### Work required:
Restate the full listing precisely as written.

· · ·

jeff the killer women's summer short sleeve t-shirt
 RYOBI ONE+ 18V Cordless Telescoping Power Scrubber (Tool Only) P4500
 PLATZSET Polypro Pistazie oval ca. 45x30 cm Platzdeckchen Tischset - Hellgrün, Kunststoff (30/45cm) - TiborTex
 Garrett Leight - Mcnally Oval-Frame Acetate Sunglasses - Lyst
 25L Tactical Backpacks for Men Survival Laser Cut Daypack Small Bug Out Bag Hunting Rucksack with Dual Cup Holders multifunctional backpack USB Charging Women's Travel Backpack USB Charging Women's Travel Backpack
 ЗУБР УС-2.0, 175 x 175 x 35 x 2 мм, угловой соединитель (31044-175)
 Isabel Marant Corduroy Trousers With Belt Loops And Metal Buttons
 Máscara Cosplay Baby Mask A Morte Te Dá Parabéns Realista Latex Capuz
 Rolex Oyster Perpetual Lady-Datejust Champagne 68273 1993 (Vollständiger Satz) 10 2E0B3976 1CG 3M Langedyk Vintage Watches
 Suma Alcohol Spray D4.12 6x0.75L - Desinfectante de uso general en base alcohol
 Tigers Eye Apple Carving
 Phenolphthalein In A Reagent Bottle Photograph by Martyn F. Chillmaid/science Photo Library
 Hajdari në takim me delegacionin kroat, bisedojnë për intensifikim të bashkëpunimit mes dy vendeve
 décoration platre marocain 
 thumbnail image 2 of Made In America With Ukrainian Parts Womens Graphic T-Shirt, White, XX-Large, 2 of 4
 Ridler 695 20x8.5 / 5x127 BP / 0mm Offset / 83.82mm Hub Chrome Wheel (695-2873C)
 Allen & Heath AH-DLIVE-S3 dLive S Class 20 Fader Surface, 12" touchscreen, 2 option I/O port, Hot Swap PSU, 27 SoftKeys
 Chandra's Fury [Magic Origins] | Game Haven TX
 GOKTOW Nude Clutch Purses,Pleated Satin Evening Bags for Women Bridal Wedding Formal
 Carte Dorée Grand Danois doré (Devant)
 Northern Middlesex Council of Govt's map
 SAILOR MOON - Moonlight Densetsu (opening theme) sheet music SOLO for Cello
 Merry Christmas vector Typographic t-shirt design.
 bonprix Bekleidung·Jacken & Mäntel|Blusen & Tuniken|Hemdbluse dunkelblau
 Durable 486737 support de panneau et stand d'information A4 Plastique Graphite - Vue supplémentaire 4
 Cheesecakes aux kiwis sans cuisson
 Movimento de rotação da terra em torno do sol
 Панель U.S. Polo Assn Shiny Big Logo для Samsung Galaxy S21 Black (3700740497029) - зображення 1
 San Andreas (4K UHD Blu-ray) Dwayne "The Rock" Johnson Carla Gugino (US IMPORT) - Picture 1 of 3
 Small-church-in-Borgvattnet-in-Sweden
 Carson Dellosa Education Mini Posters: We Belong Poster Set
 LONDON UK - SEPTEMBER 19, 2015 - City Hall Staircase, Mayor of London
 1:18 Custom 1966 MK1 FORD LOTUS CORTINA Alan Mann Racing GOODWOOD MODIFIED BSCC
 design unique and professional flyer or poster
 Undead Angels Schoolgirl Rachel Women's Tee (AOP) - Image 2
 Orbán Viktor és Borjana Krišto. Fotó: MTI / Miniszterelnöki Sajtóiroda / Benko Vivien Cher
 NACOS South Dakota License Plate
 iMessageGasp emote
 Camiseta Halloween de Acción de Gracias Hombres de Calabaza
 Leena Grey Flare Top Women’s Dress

· · ·

### The answer:
jeff the killer women's summer short sleeve t-shirt
 RYOBI ONE+ 18V Cordless Telescoping Power Scrubber (Tool Only) P4500
 PLATZSET Polypro Pistazie oval ca. 45x30 cm Platzdeckchen Tischset - Hellgrün, Kunststoff (30/45cm) - TiborTex
 Garrett Leight - Mcnally Oval-Frame Acetate Sunglasses - Lyst
 25L Tactical Backpacks for Men Survival Laser Cut Daypack Small Bug Out Bag Hunting Rucksack with Dual Cup Holders multifunctional backpack USB Charging Women's Travel Backpack USB Charging Women's Travel Backpack
 ЗУБР УС-2.0, 175 x 175 x 35 x 2 мм, угловой соединитель (31044-175)
 Isabel Marant Corduroy Trousers With Belt Loops And Metal Buttons
 Máscara Cosplay Baby Mask A Morte Te Dá Parabéns Realista Latex Capuz
 Rolex Oyster Perpetual Lady-Datejust Champagne 68273 1993 (Vollständiger Satz) 10 2E0B3976 1CG 3M Langedyk Vintage Watches
 Suma Alcohol Spray D4.12 6x0.75L - Desinfectante de uso general en base alcohol
 Tigers Eye Apple Carving
 Phenolphthalein In A Reagent Bottle Photograph by Martyn F. Chillmaid/science Photo Library
 Hajdari në takim me delegacionin kroat, bisedojnë për intensifikim të bashkëpunimit mes dy vendeve
 décoration platre marocain 
 thumbnail image 2 of Made In America With Ukrainian Parts Womens Graphic T-Shirt, White, XX-Large, 2 of 4
 Ridler 695 20x8.5 / 5x127 BP / 0mm Offset / 83.82mm Hub Chrome Wheel (695-2873C)
 Allen & Heath AH-DLIVE-S3 dLive S Class 20 Fader Surface, 12" touchscreen, 2 option I/O port, Hot Swap PSU, 27 SoftKeys
 Chandra's Fury [Magic Origins] | Game Haven TX
 GOKTOW Nude Clutch Purses,Pleated Satin Evening Bags for Women Bridal Wedding Formal
 Carte Dorée Grand Danois doré (Devant)
 Northern Middlesex Council of Govt's map
 SAILOR MOON - Moonlight Densetsu (opening theme) sheet music SOLO for Cello
 Merry Christmas vector Typographic t-shirt design.
 bonprix Bekleidung·Jacken & Mäntel|Blusen & Tuniken|Hemdbluse dunkelblau
 Durable 486737 support de panneau et stand d'information A4 Plastique Graphite - Vue supplémentaire 4
 Cheesecakes aux kiwis sans cuisson
 Movimento de rotação da terra em torno do sol
 Панель U.S. Polo Assn Shiny Big Logo для Samsung Galaxy S21 Black (3700740497029) - зображення 1
 San Andreas (4K UHD Blu-ray) Dwayne "The Rock" Johnson Carla Gugino (US IMPORT) - Picture 1 of 3
 Small-church-in-Borgvattnet-in-Sweden
 Carson Dellosa Education Mini Posters: We Belong Poster Set
 LONDON UK - SEPTEMBER 19, 2015 - City Hall Staircase, Mayor of London
 1:18 Custom 1966 MK1 FORD LOTUS CORTINA Alan Mann Racing GOODWOOD MODIFIED BSCC
 design unique and professional flyer or poster
 Undead Angels Schoolgirl Rachel Women's Tee (AOP) - Image 2
 Orbán Viktor és Borjana Krišto. Fotó: MTI / Miniszterelnöki Sajtóiroda / Benko Vivien Cher
 NACOS South Dakota License Plate
 iMessageGasp emote
 Camiseta Halloween de Acción de Gracias Hombres de Calabaza
 Leena Grey Flare Top Women’s Dress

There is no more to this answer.